(Exercise inputs)
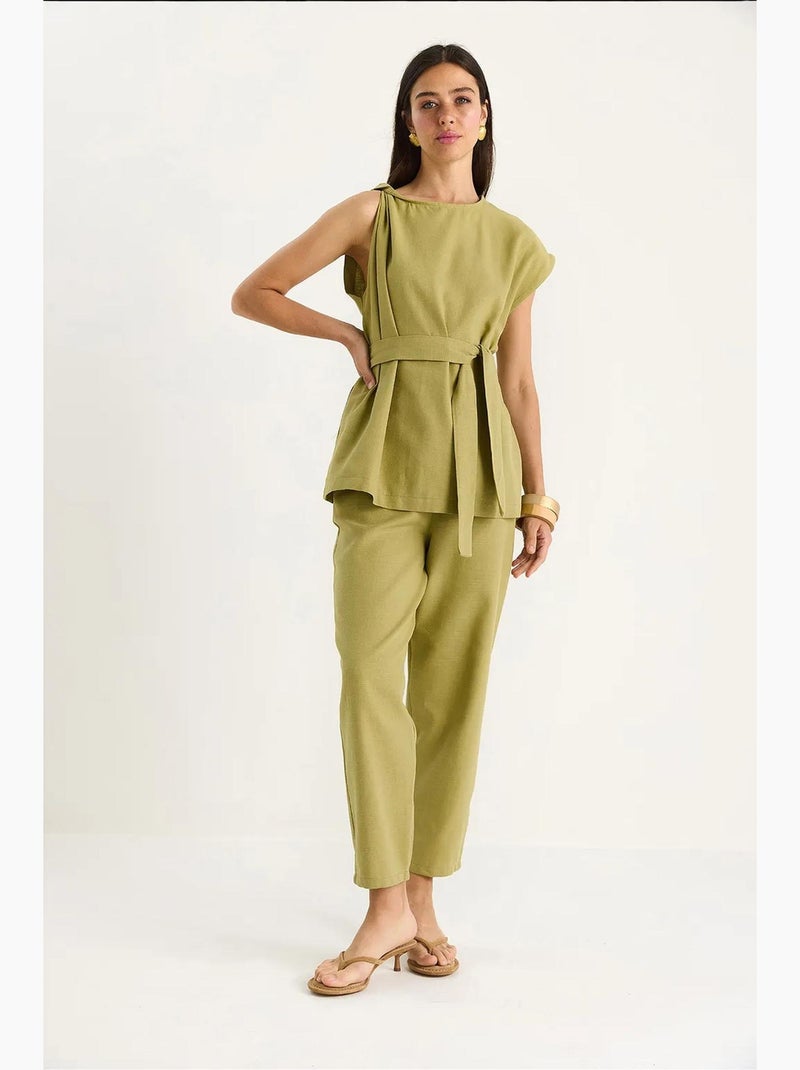 Ensemble deux pièces en lin avec ceinture et nœud aux épaules lucci Vert pastel - Kiabi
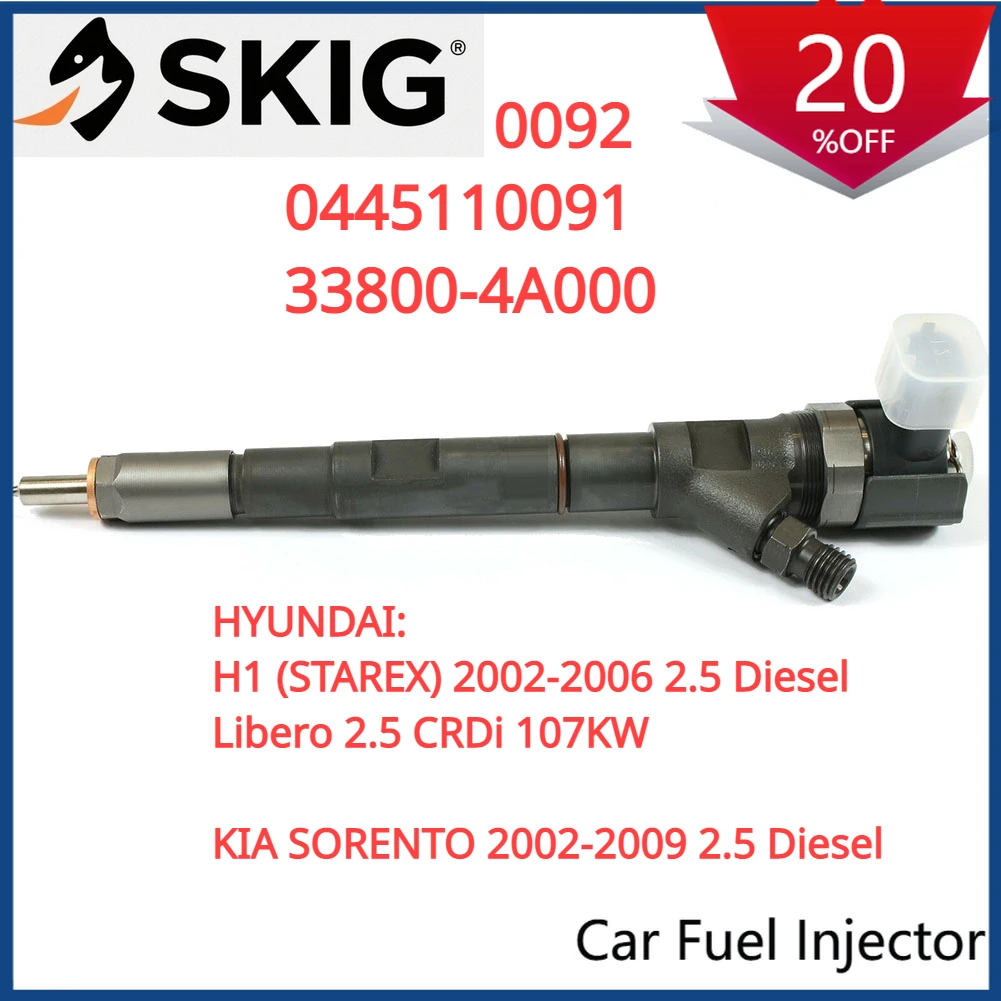 

Suitable 0445110092 33800-4A000 New Diesel Fuel Injector For HYUNDAI H1 STAREX / KIA SORENTO 2.5 CRDi 2002-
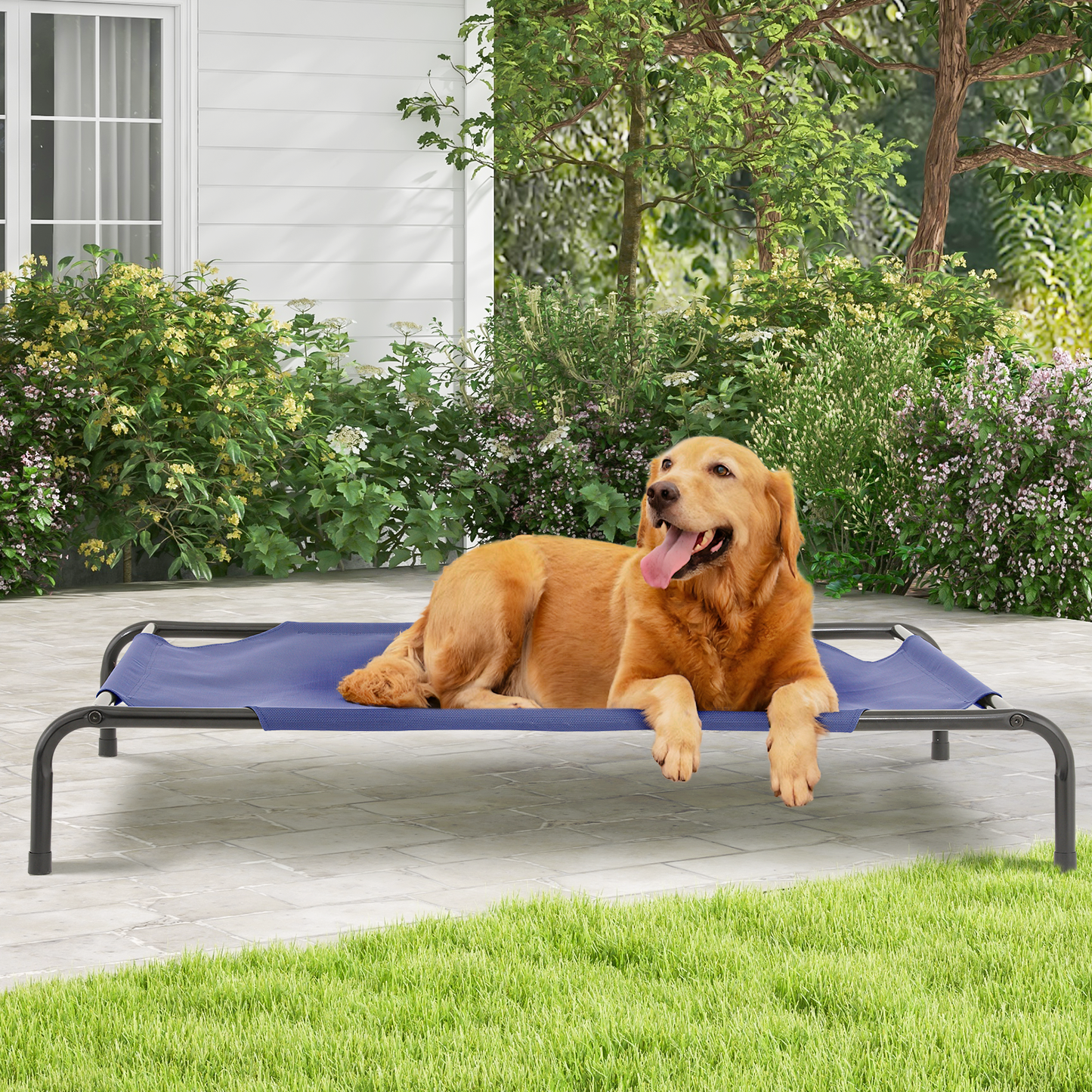 Elevated Dog Bed - Non-Slip Cooling Pet Bed - 49.5'' Length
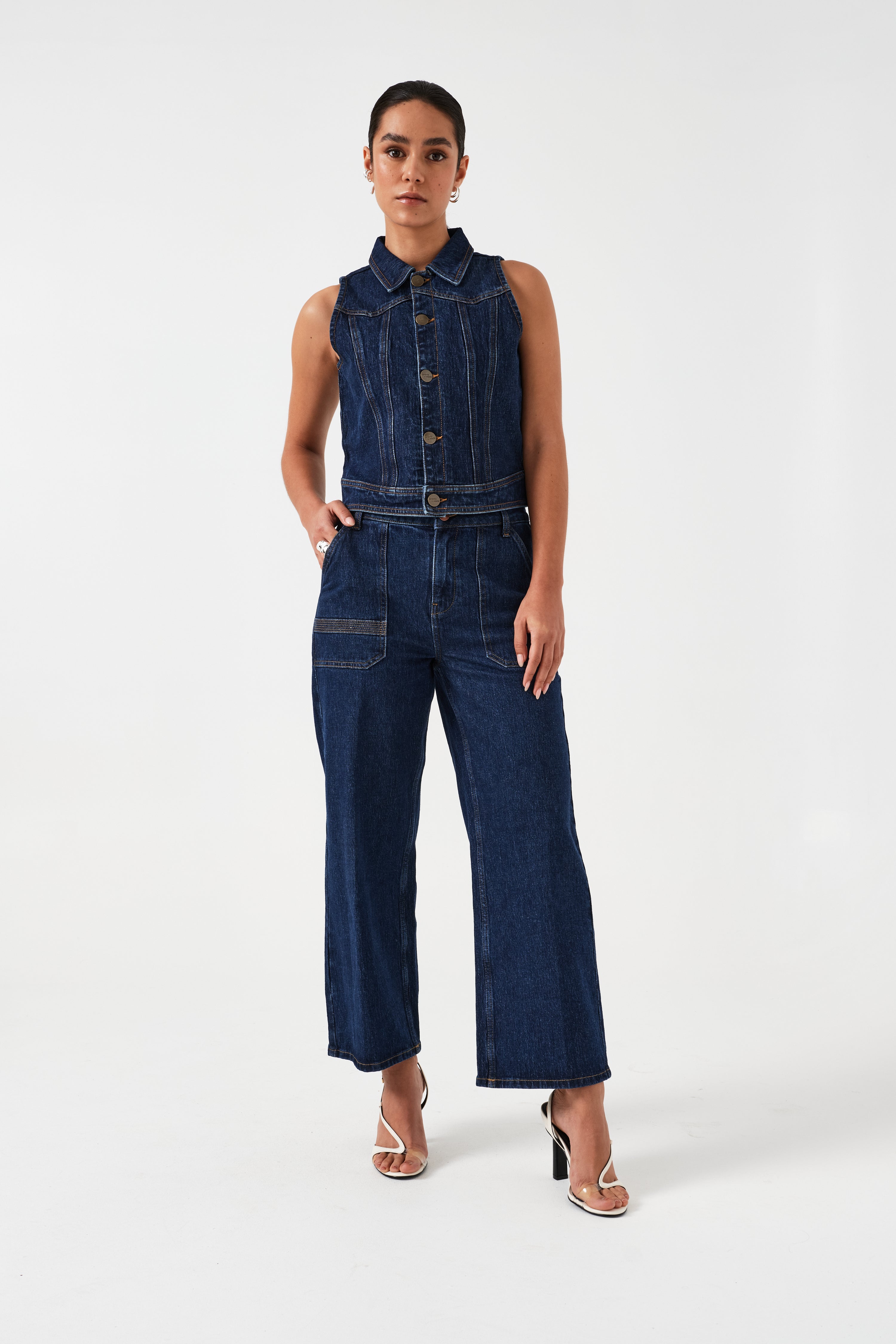 Cali Cropped Jacket in Dark Americana - seventy + mochi
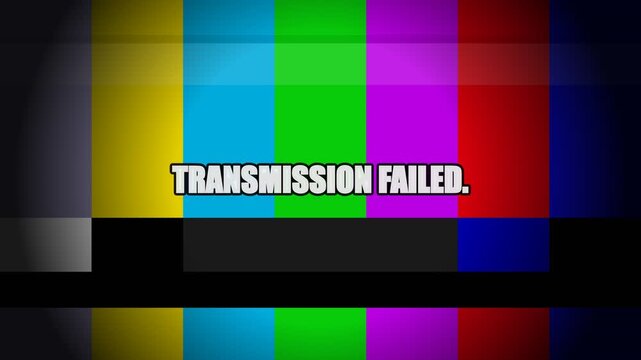 Transmission failed text overlay on colorful television test pattern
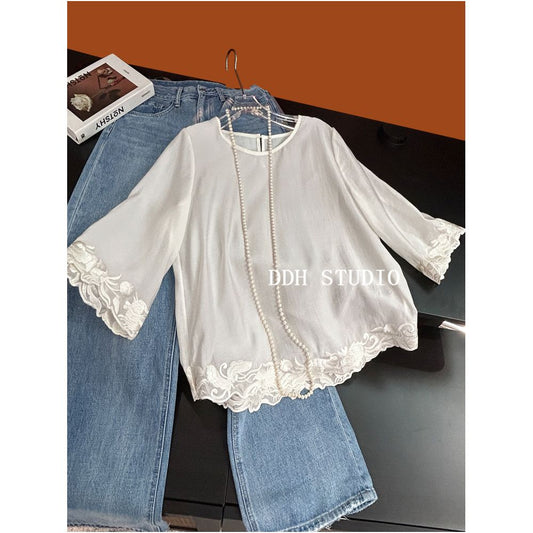 ASAYA4936 – Serene Bloom Silk Top 🌼☁️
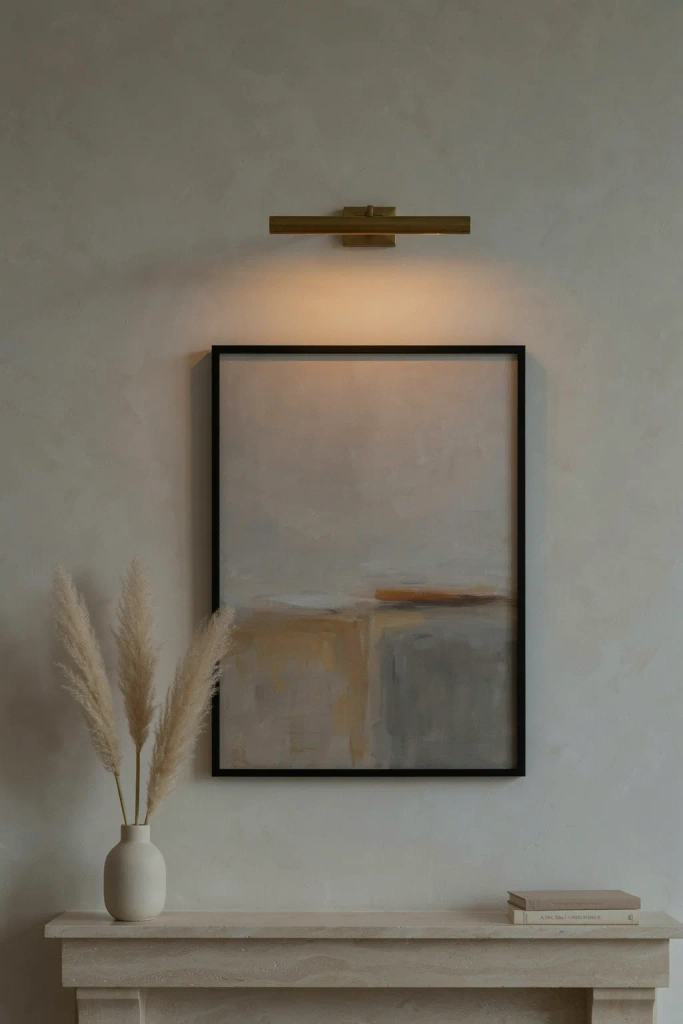 Wall-Mounted Picture Lights Above the Mantel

(Exercise directions)
Please produce an exact copy of all the material, leaving out the pictures.

(Solution for this problem)
 Ensemble deux pièces en lin avec ceinture et nœud aux épaules lucci Vert pastel - Kiabi

Suitable 0445110092 33800-4A000 New Diesel Fuel Injector For HYUNDAI H1 STAREX / KIA SORENTO 2.5 CRDi 2002-
 Elevated Dog Bed - Non-Slip Cooling Pet Bed - 49.5'' Length
 Cali Cropped Jacket in Dark Americana - seventy + mochi
 Transmission failed text overlay on colorful television test pattern
 ASAYA4936 – Serene Bloom Silk Top 🌼☁️
 Wall-Mounted Picture Lights Above the Mantel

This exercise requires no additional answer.